» Instructions for the task:
Reproduce precisely the lines of the listing below, starting with the line that contains "257 Biltmore Avenue Elmont NY 11003" and stopping after the line that contains "lujosos yates catamarán"; include nothing else.

» Material for the task:
--------------------
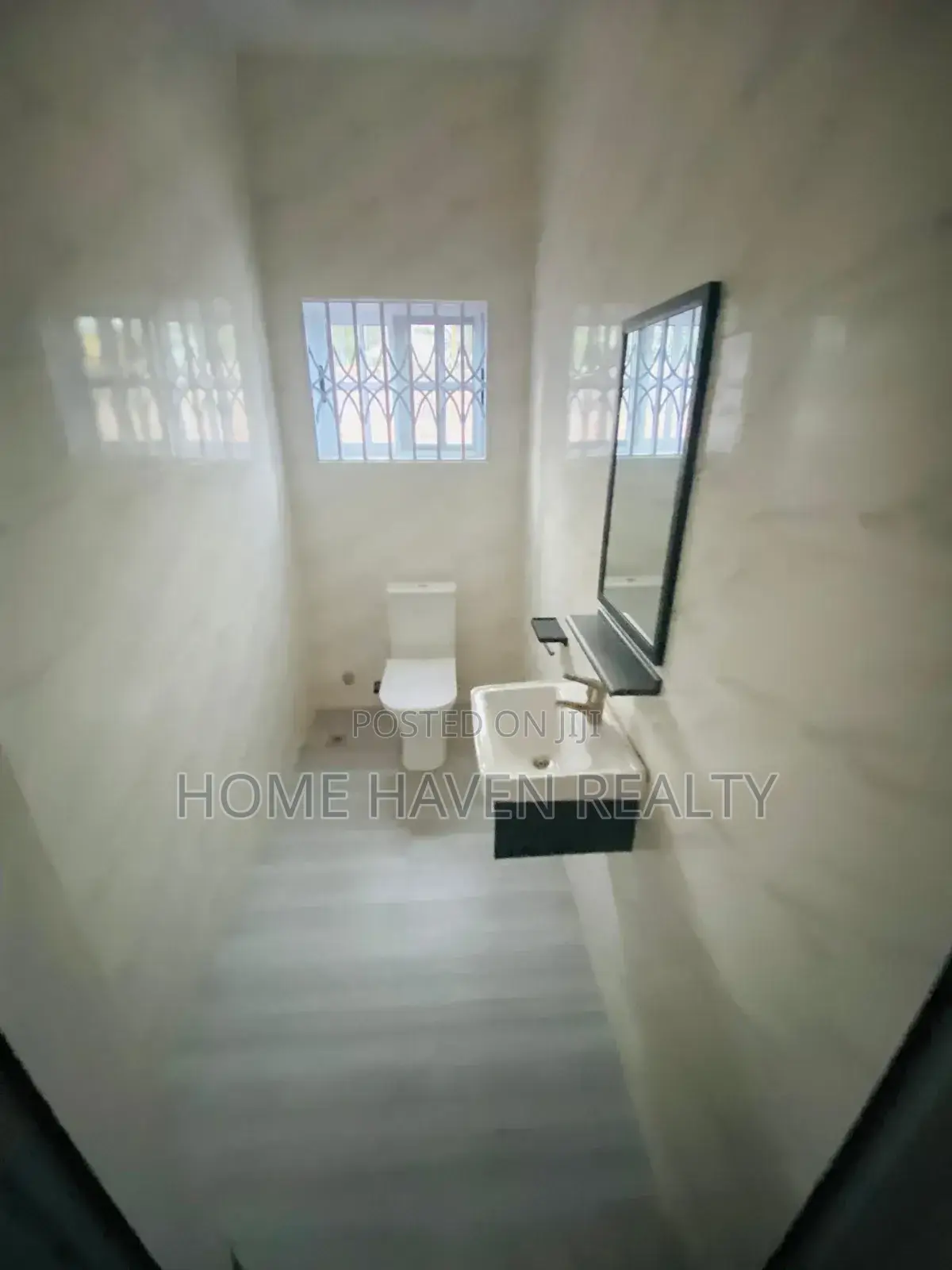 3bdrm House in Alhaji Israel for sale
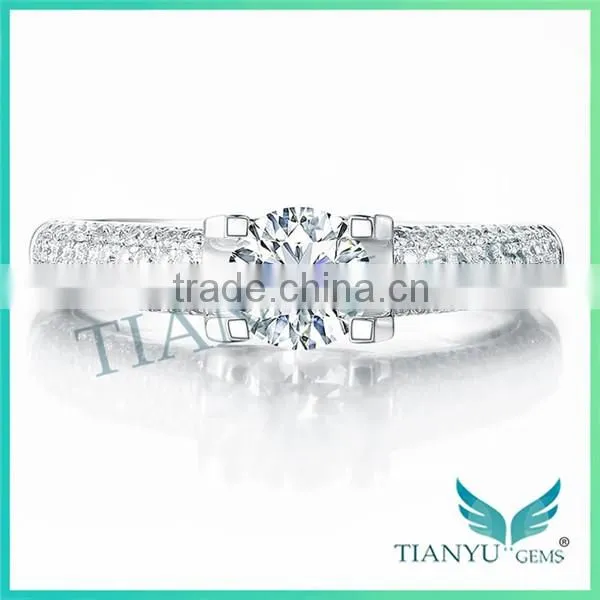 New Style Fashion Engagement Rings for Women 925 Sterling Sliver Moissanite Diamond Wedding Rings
--------------------
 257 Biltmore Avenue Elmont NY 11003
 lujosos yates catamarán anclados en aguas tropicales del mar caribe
--------------------
» Answer for this exercise:
 257 Biltmore Avenue Elmont NY 11003
 lujosos yates catamarán anclados en aguas tropicales del mar caribe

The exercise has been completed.